Christian Garcin à Luxeuil - Photo: Bernadette Larrière
Christian Garcin à Luxeuil
Photo: Bernadette Larrière


      Il confia ne pas savoir du tout pourquoi certains thèmes comme la disparition, la recherche, l'enfouissement reviennent dans ses livres. "L'avantage quand on est écrivain, c'est qu'on appelle çà des thèmes, mais si je n'étais pas écrivain, on appellerait ça une névrose, j'imagine…" On voit qu'il ne manque pas d'humour. Humour discret qu'on retrouve naturellement dans ses livres.

      Questionné sur la fin pessimiste des nouvelles de La neige gelée ne permettait que de tout petits pas, Christian Garcin précisa que ce titre vient d'une phase de Kafka, et que les fins de ces nouvelles n'étaient pas forcément pessimistes, qu'elles pouvaient être vues comme une ouverture. Que ces fuites étaient peut-être un pas vers plus de bien être. Il pense que secrètement tout le monde a eu envie de cela, de la fuite, de la rupture, de prendre la tangente. Que certains l'ont fait, à divers égards. "Personnellement dans ma vie privée il m'est arrivé de tourner le dos à ma vie passée, de rompre avec tout." Et pour en revenir aux fins de ces nouvelles, il précise que ce ne sont pas des nouvelles à chutes, qu'il n'aime pas les chutes, même en tant que lecteur. Il aime les fins ouvertes qui laissent de la place au lecteur pour interpréter la fin comme il l'entend.

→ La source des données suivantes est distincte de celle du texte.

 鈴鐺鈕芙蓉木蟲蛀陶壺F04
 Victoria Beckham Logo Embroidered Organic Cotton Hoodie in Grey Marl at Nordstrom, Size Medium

      Quant à savoir pourquoi il est tant attiré par l'Extrême-Orient, c'est peut-être, émet-il l'hypothèse, parce que ses ancêtres maternels étaient des navigateurs qui se rendaient en Chine et au Japon, qu'il y avait des objets de ces pays-là dans la maison de sa grand-mère, que celle-ci lui avait dit "Tu iras en Chine". Peut-être aussi pour des raisons chromosomiques : il y aurait dans la famille des ancêtres d'Extrême-Orient. Cela expliquerait qu'étonnamment la première fois qu'il s'est rendu en Chine il s'est senti à l'aise, à la fois perdu et à l'aise.
 
     À l'aise, Christian Garcin l'était aussi dans ses réponses, même si certaines questions furent un peu délicates. On sent qu'il est habitué des rencontres. Après avoir exercé plusieurs métiers, abandonnés pour vivre uniquement de son écriture, elles font partie de son "métier" d'écrivain et lui sont nécessaires.